Some days, when Keisha would step up to the grocery store checkout counter, she wondered what others around her might assume. “When I took out my card, I felt like people were looking at me thinking, ‘Why does she have her hair done and she’s using food stamps?’” She didn’t understand some of the opinions she’d heard people voice about food assistance. “I’ve heard people say there should be restrictions on the types of food people can buy, like shrimp,” she says. “It’s like because you’re receiving assistance, you still can’t live, you still can’t eat.”
Keisha hadn’t always needed assistance. After graduating high school, she attended college but needed to work full-time in order to pay for it. She eventually put her education on hold and started a career as a payroll specialist.
She wanted to return to school, but she was busy with 11-hour workdays followed by helping three kids with homework in the evenings. Plus, her job provided health coverage for her children. A coworker suggested that Keisha’s family could be supported by government assistance, but this option felt uncomfortable. “I worked … my kids weren’t going to be on Medicaid,” she insisted, until her coworker reminded her that it would only be temporary.
Keisha took a step and resigned from her position in March 2019. “It was the scariest thing I’d ever done,” she remembers, but in just a year, she earned her bachelor’s degree in accounting. She was hoping to land a position with a local payroll company, but her face-to-face interview was canceled because of a pandemic sweeping the globe. “I was so close to going back to work,” she says, “and it didn’t happen.”
Within days, the barber shop where her husband worked was closed. With the kids being out of school and home all the time, grocery bills were climbing. “Things got really tough for us,” Keisha remembers.
Their family was able to get assistance along the way. The kids’ school introduced Pandemic EBT cards, and their family was also eligible for additional Supplemental Nutrition Assistance Program (SNAP) benefits. “Without that, we would have been struggling to feed our family of five,” she says. “It helped just knowing there are tools out there to support you.”
In summer 2020, Keisha was notified about a part-time payroll coordinator position. She was hesitant to take on a part-time role since being employed again would cause her to lose her benefits. However, she took a chance and started the new position in August 2020. Within just a few months, Keisha was promoted to senior staff accountant, a full-time position with benefits to help support her family.
Looking back over the past year — the concerns about leaving her job, looking for work during the pandemic and needing to apply for benefits — Keisha says there were three things that kept her going. One was her kids. “Not wanting them to say, mom didn’t finish school, so we don’t have to either.” Another was her husband. “When I would start stressing, he would remind me to focus on school and assure me that things were going to be OK.” Finally, Keisha kept herself going by continuing to focus on her goal. “That full circle feeling for myself, knowing that I did it,” she says. “I started it, and I finished it.”
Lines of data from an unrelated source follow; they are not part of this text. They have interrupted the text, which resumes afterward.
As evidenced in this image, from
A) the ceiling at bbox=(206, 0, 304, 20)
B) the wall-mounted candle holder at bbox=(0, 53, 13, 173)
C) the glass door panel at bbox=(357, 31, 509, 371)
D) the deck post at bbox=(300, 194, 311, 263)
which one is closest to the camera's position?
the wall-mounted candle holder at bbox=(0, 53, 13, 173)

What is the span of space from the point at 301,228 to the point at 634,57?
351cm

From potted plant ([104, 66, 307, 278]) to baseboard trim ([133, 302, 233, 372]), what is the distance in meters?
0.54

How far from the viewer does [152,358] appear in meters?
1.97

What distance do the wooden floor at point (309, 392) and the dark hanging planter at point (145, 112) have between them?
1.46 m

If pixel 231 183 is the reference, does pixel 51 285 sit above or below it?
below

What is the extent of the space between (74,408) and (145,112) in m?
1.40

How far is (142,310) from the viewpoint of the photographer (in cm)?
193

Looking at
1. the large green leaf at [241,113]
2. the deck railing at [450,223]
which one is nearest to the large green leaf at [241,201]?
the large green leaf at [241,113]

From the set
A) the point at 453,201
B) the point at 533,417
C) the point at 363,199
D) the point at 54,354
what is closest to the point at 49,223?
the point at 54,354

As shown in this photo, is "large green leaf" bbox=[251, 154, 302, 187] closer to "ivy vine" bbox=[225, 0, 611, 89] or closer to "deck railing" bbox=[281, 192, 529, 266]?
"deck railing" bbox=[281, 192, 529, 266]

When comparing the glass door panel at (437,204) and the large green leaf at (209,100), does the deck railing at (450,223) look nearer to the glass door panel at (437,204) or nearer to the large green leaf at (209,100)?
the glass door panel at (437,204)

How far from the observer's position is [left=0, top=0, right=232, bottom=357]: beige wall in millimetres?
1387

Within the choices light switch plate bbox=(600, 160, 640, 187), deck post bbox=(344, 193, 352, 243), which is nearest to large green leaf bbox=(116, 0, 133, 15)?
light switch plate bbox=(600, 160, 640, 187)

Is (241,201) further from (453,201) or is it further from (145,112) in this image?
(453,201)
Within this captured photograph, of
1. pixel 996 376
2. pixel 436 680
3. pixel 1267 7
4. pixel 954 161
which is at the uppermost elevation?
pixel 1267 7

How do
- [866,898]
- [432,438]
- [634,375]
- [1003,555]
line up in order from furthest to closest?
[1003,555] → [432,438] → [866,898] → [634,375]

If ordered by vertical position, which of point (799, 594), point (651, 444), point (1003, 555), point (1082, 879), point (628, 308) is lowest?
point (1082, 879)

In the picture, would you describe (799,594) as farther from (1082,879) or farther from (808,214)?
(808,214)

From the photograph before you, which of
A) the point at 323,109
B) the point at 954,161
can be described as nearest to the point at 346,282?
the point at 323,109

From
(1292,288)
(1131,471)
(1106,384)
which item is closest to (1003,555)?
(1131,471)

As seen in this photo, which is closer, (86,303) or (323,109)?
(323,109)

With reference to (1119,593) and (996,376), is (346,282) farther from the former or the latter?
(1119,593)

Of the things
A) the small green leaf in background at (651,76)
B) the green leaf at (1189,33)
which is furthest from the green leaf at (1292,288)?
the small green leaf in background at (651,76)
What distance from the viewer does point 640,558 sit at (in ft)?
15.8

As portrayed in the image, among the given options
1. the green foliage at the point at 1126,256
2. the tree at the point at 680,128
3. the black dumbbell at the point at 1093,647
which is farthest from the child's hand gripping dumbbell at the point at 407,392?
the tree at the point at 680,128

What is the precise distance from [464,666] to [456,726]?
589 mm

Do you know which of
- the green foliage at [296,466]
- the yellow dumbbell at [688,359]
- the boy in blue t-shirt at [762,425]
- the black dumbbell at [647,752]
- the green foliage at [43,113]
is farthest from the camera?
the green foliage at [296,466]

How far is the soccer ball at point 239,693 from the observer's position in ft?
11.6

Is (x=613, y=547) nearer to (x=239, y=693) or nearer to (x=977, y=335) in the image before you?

It’s incredible to discover a person’s story for the first time, and it wasn’t until Keisha had joined the Foodbank in August that we had an opportunity to learn her story. Keisha also didn’t know a whole lot about the organization when she started part-time, but she began to feel like it was a place where she could belong. “When I heard Ruth talking about feeding the line and ending the line, something clicked, and I realized … that’s me,” Keisha remembers. “Ever since I’ve been here, I’ve had a sense of fulfillment knowing the mission of the Foodbank and everything that takes place.”